_Source records_

'''

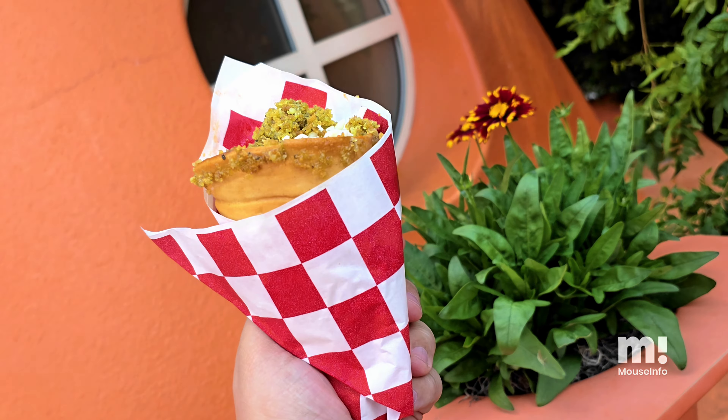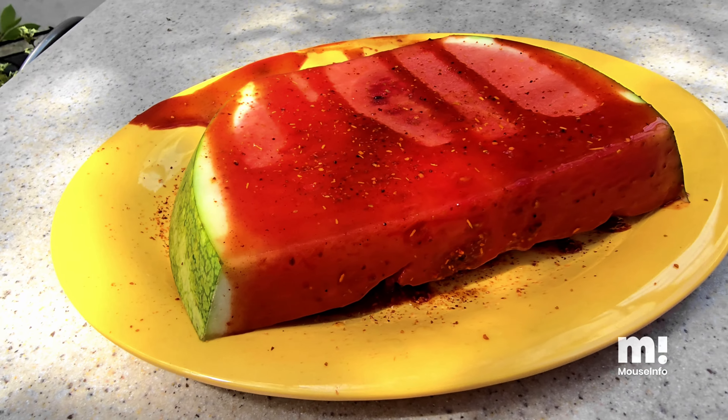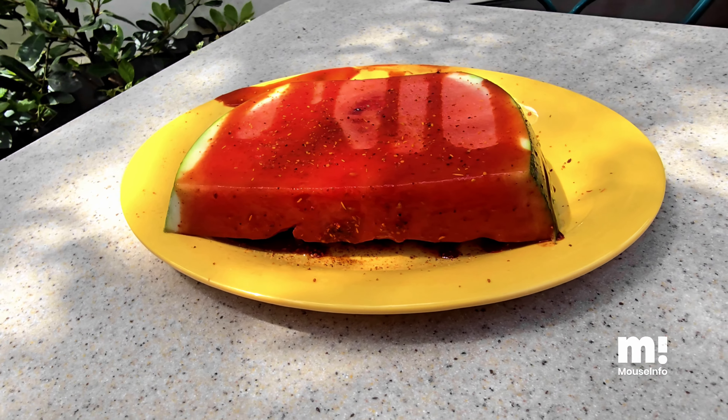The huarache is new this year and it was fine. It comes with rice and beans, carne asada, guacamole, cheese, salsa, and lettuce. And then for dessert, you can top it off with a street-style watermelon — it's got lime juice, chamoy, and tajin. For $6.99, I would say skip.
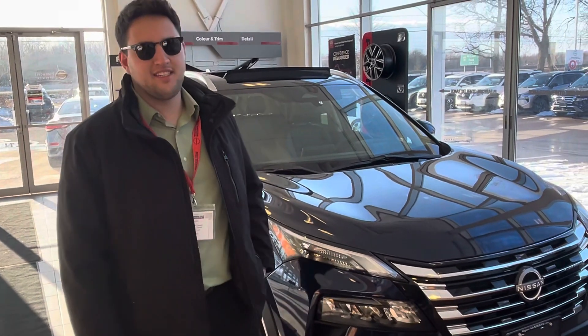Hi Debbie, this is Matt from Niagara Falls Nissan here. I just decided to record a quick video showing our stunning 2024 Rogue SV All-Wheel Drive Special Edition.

'''
'''

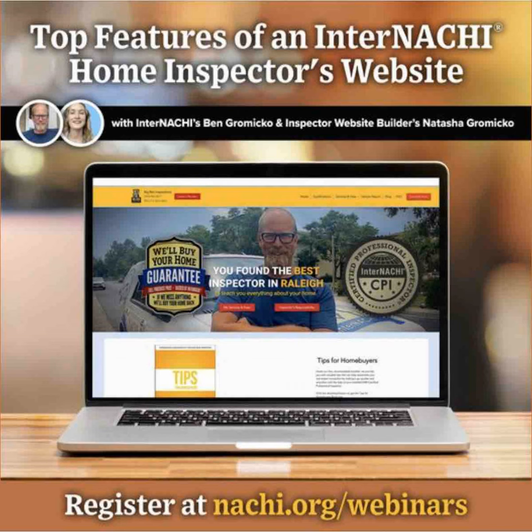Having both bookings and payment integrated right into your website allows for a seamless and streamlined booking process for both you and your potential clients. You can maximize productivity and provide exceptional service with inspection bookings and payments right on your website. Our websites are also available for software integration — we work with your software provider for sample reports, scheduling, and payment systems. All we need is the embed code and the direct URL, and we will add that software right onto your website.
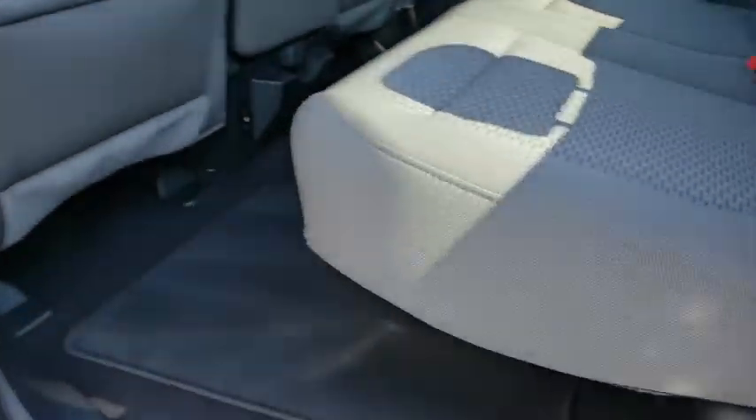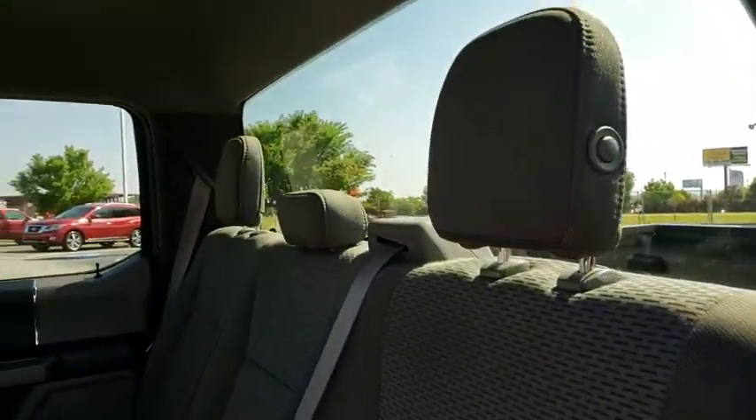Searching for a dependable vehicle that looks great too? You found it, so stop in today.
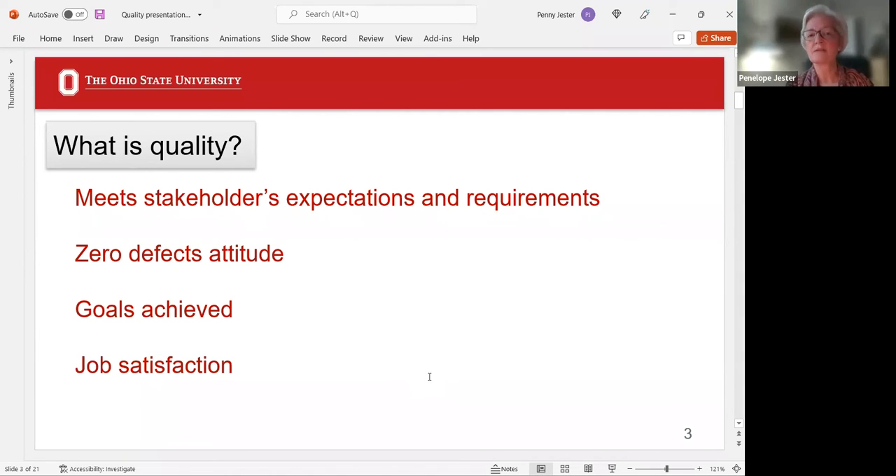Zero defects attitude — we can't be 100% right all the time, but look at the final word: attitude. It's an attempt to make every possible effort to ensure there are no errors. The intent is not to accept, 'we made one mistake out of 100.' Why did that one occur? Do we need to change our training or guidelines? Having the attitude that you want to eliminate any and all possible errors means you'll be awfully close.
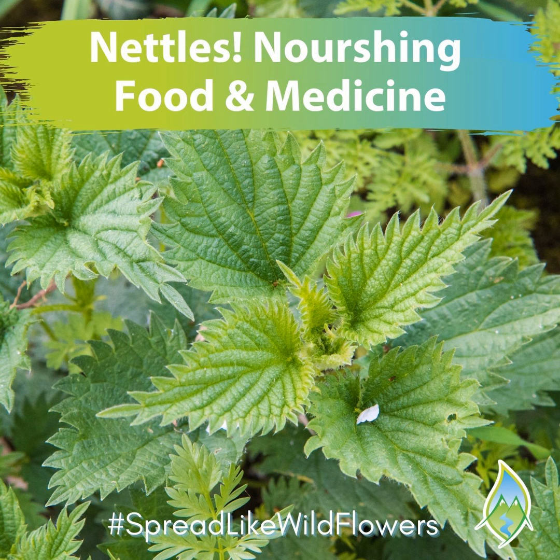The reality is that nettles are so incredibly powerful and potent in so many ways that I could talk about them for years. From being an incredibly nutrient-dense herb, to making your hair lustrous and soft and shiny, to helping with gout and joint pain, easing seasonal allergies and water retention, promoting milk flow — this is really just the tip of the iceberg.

'''
'''

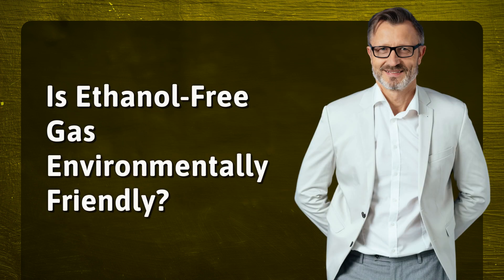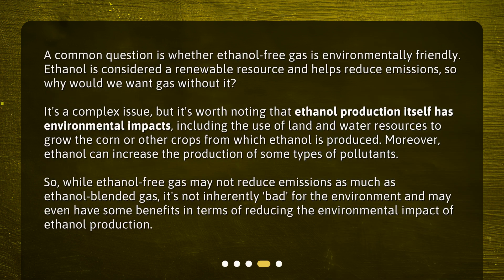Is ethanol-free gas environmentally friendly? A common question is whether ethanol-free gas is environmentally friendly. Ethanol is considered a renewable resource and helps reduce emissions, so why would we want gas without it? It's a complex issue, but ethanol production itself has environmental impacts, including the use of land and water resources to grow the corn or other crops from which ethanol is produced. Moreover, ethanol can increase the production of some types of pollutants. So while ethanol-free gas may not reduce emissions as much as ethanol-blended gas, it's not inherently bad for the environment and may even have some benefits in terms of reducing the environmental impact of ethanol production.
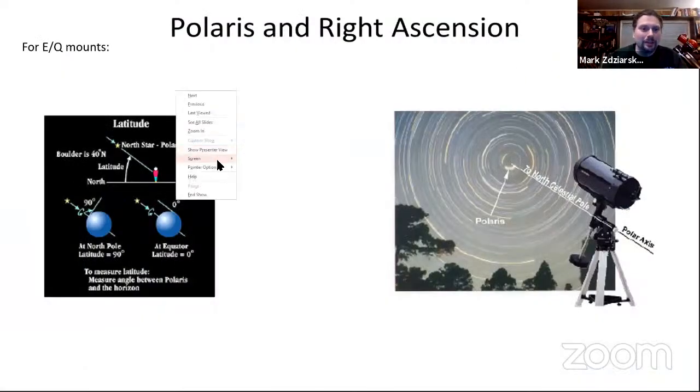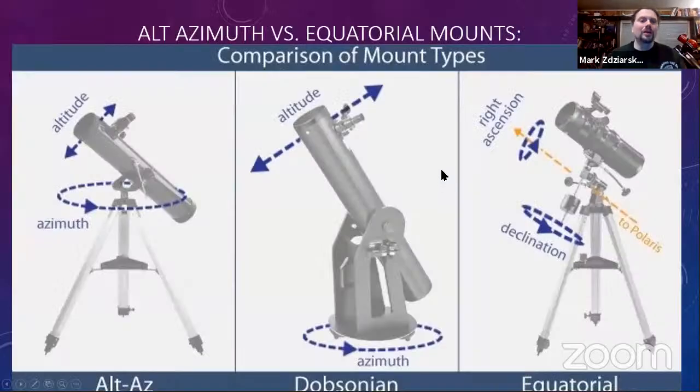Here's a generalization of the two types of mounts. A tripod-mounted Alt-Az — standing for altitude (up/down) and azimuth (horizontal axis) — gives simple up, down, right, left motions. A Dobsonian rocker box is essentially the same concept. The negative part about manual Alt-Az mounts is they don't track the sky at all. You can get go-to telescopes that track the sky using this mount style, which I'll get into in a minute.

'''

_Work to complete_
All that is wanted is the lines above between the one containing "The huarache is" and the one containing "Hi Debbie, this", inclusive, restated word for word, with pictures omitted.

_Exercise solution_
The huarache is new this year and it was fine. It comes with rice and beans, carne asada, guacamole, cheese, salsa, and lettuce. And then for dessert, you can top it off with a street-style watermelon — it's got lime juice, chamoy, and tajin. For $6.99, I would say skip.
Hi Debbie, this is Matt from Niagara Falls Nissan here. I just decided to record a quick video showing our stunning 2024 Rogue SV All-Wheel Drive Special Edition.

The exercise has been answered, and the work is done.